CCJ da Câmara aprova proposta que antecipa aposentadoria compulsória no STF e reverte PEC da Bengala

CCJ da Câmara aprova proposta que antecipa aposentadoria compulsória no STF e reverte PEC da Bengala

O texto ainda precisa ser submetido a uma comissão especial que será criada; Só depois poderá seguir para o plenário da Câmara e para o Senado

Vinícius Valfré/BRASÍLIA

23 de novembro de 2021 | 21h58

Plenário da Câmara. Foto: Pablo Valadares/Câmara dos Deputados

A Comissão de Constituição e Justiça (CCJ) da Câmara aprovou nesta terça-feira, 23, uma proposta que antecipa de 75 para 70 anos o limite de idade para que ministros de tribunais superiores, como o Supremo Tribunal Federal (STF), ocupem os cargos. O texto ainda precisa ser submetido a uma comissão especial que será criada. Só depois poderá seguir para o plenário da Câmara e para o Senado.

Na prática, se promulgado, o novo texto poderá dar o direito de o presidente Jair Bolsonaro indicar dois novos ministros para as vagas de Rosa Weber e Ricardo Lewandowski, ambos com 73 anos.  A Proposta de Emenda à Constituição (PEC), apresentada pela deputada bolsonarista Bia Kicis (PSL-DF), visa revogar a chamada PEC da Bengala, que estabeleceu o atual limite de idade, em 2015.

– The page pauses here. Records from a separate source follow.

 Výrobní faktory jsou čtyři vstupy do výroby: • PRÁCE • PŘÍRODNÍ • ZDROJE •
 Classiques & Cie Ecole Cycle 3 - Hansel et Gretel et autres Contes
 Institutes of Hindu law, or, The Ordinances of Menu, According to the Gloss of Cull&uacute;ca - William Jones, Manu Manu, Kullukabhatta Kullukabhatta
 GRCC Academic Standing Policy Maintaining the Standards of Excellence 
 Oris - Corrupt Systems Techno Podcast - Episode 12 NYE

A proposta foi aprovada por 35 votos a 24. Nesta etapa da análise, os deputados não analisam o mérito. Verificam apenas se o texto cumpre requisitos legais. É o primeiro passo da tramitação na Câmara. A etapa seguinte será em uma comissão a ser criada especificamente para tratar do tema.

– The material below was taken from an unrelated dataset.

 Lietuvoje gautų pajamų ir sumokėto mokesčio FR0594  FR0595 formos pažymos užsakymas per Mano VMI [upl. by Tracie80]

A aprovação, articulada por governistas, também contou com um movimento do presidente da Casa, deputado Arthur Lira (Progressistas-AL). Ele atrasou o início da ordem do dia para que a votação fosse feita. Quando é iniciada essa fase da sessão no plenário, os trabalhos das comissões precisam ser suspensos. A manobra garantiu a vitória governista na CCJ nesta terça.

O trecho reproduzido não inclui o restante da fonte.